Vivian Neill said now is a good time to visit the gallery because they have received so much new work. “There is a lot of new work here right now, from many different artists,” she said. “We have new needle felting paintings, which is something we have just started carrying.

“We also have paintings that were just recently donated to us by Phyllis Beiser, who is a coastal painter. She donated these paintings as a fundraising effort for Delta Wind Birds, which is an organization we had an event for last weekend.”

Phyllis Beiser's paintings Photo by Danielle Angelo

The paintings donated by Phyllis Beiser. Photo by Danielle Angelo.

The reason Beiser’s work focuses mainly on birds is because she has always had, “Love and awe of the coastal environment, animals, and birds,” and this inspires her to continue to paint these animals.

Beiser donated her work to this society and to The Audubon Society. “I believe that bird conservation is, or should be, a top priority,” she said, “That would include wildlife as well. It’s something that’s very near and dear to my heart.”

Maureen Donnelly and Chesley Pearman have new work in the gallery. Most of the work the Neill’s showcase is from artists who have done work around the Oxford area, and many of the artists’ work they feature have had their work featured since the gallery’s beginning.

Walter Neill metal work. Photo by Danielle Angelo

Walter’s hand forged metal work on display in the gallery. Photo by Danielle Angelo.

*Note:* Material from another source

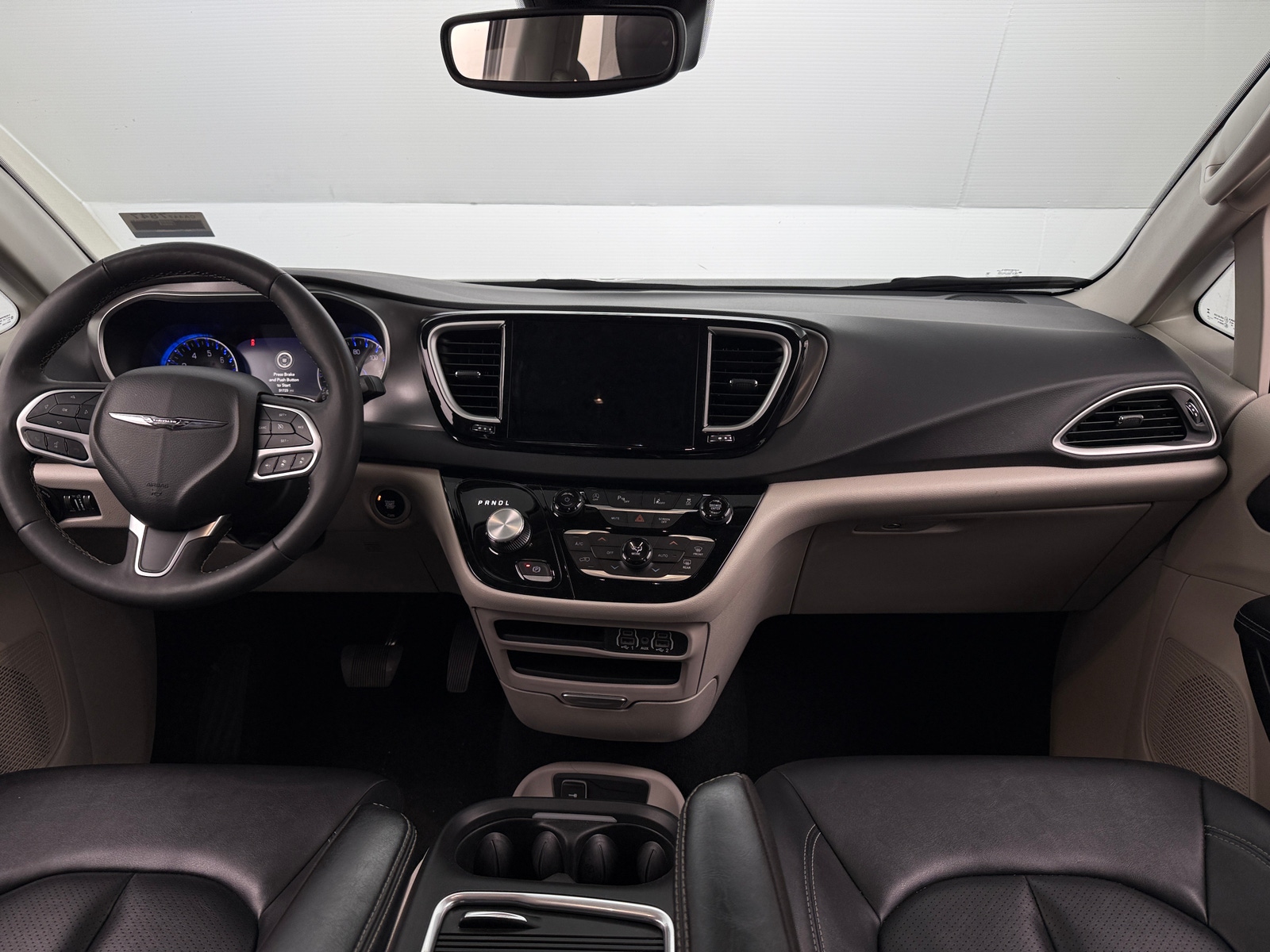 Thumbnail: 2024 Chrysler Pacifica - 2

Vivian Neill also pointed out that there are some special pieces in the gallery. “Walter has work in the gallery,” she said. “I don’t have any work left of mine, and I don’t have much time in the studio since the gallery has been open, and the majority of my time is devoted to running it.

“I do some simple block prints when I have time. Walter does a lot of metal work. He has sculptures out front, and other pieces in the gallery, like fire pokers, cheese knifes, steak turners, and bottle openers that he continues to keep in stock. All of his work is hand forged, and he also does large sculpture work.”

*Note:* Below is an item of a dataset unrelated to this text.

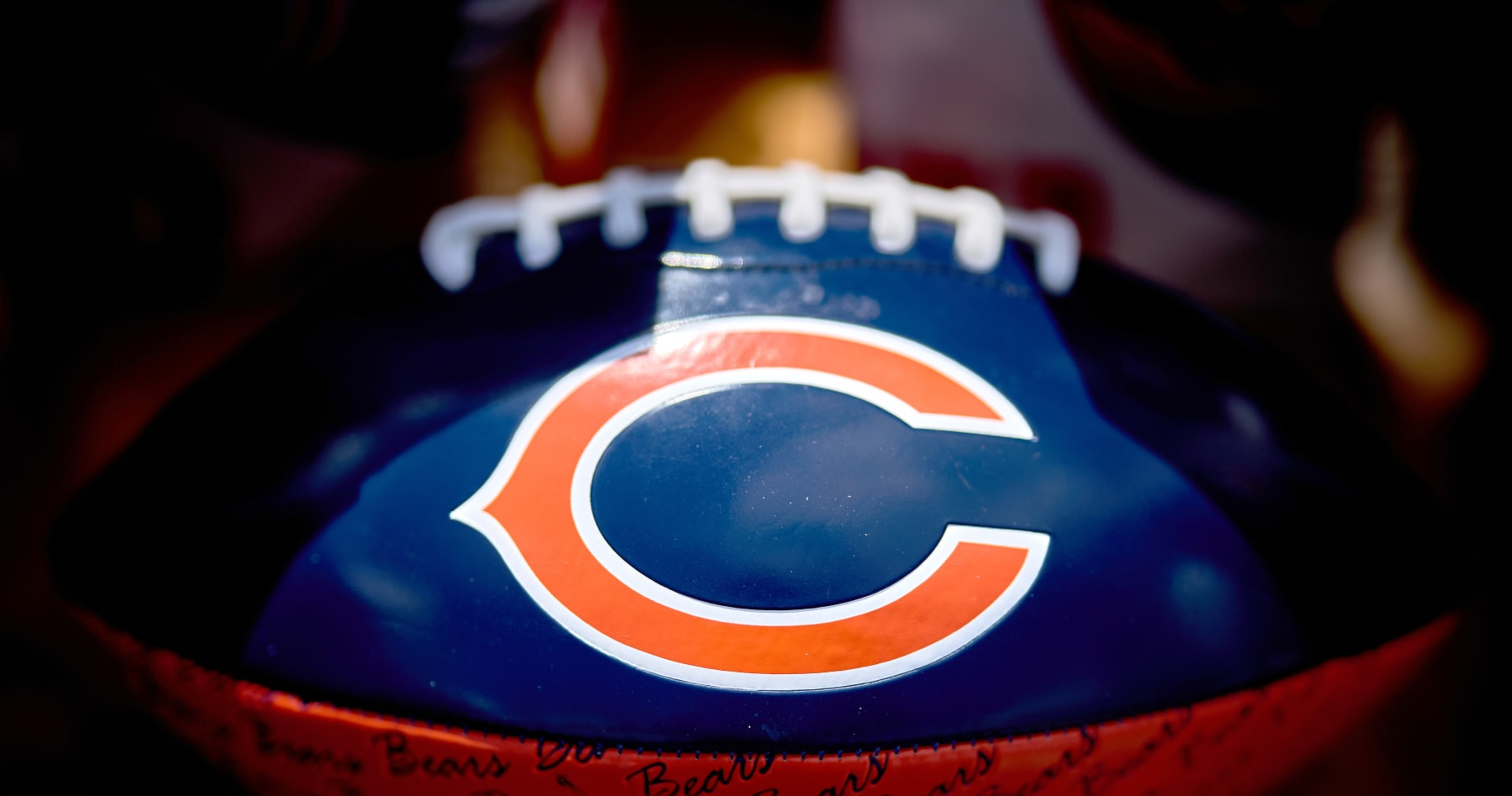 Bears great Steve McMichael, who has ALS, in intensive care with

Though she can’t say which artist’s work is the couple’s favorite, she did mention one.

“Ed Williford from Magnolia, Mississippi is the most intriguing,” she said, “because his work is just very different. We don’t have anything here we don’t love. Walter and I both have to love it to have here. We are very fond of all the artists we have, and it’s great to have this relationship with this many artists.”

Ed Williford's sculptors. Photo by Danielle Angelo

Ed Williford’s sculptors on display in the gallery. Photo by Danielle Angelo.

Vivian said the best part of owning the gallery is keeping artists working. “It’s really a lot of fun to have collectors come in, and to be able to help support artists,” she said.

Oxford Treehouse Galleries is located at 328 Country Road 418, and open Thursday through Saturday form noon to 6 p.m., but the Neills are willing to open at any time if you call.